● **WORK INSTRUCTION**: From the line containing "Used 2020 Cadillac" through the last line of the material, copy every line exactly, both ends inclusive; do not copy pictures.

BEGIN DATASET EXCERPTS

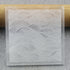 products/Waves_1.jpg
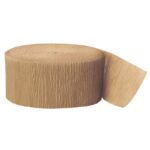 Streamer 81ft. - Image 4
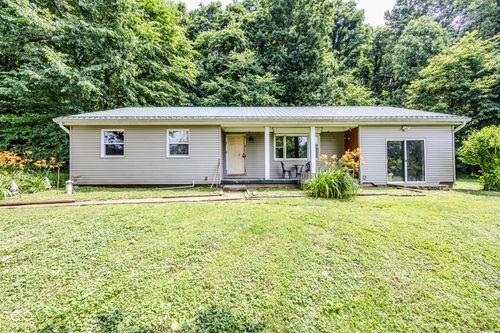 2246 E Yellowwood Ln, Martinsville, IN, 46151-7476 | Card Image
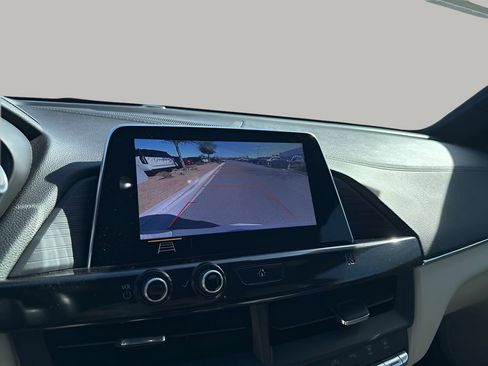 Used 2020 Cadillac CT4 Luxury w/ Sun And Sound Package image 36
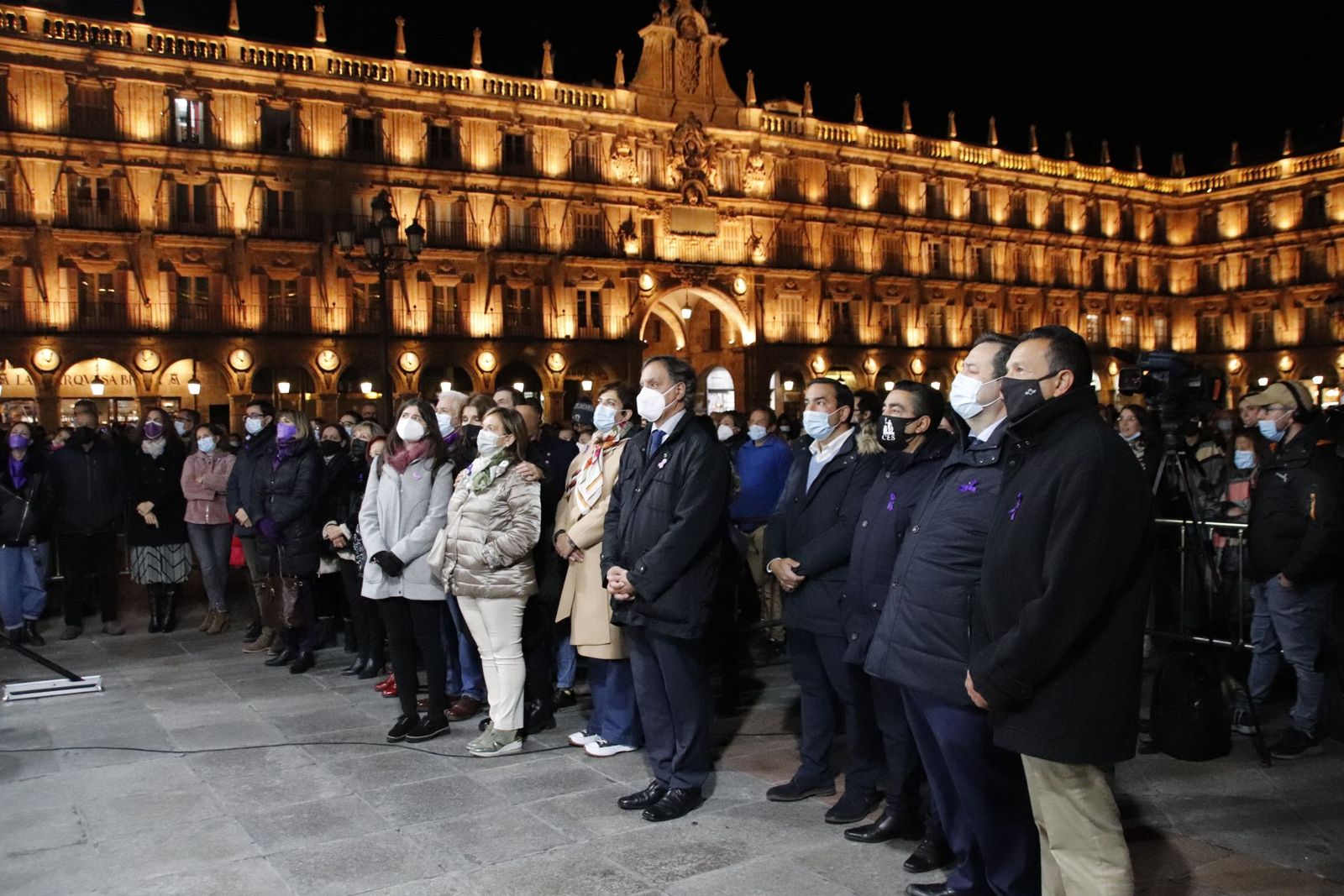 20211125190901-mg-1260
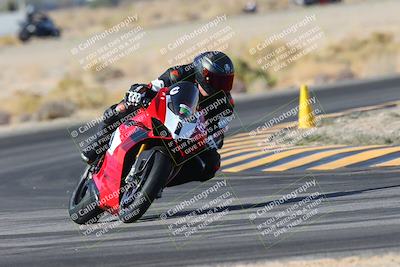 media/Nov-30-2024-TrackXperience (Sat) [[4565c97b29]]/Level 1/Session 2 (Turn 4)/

END DATASET EXCERPTS

● **EXPECTED OUTPUT**:
 Used 2020 Cadillac CT4 Luxury w/ Sun And Sound Package image 36
 20211125190901-mg-1260
 media/Nov-30-2024-TrackXperience (Sat) [[4565c97b29]]/Level 1/Session 2 (Turn 4)/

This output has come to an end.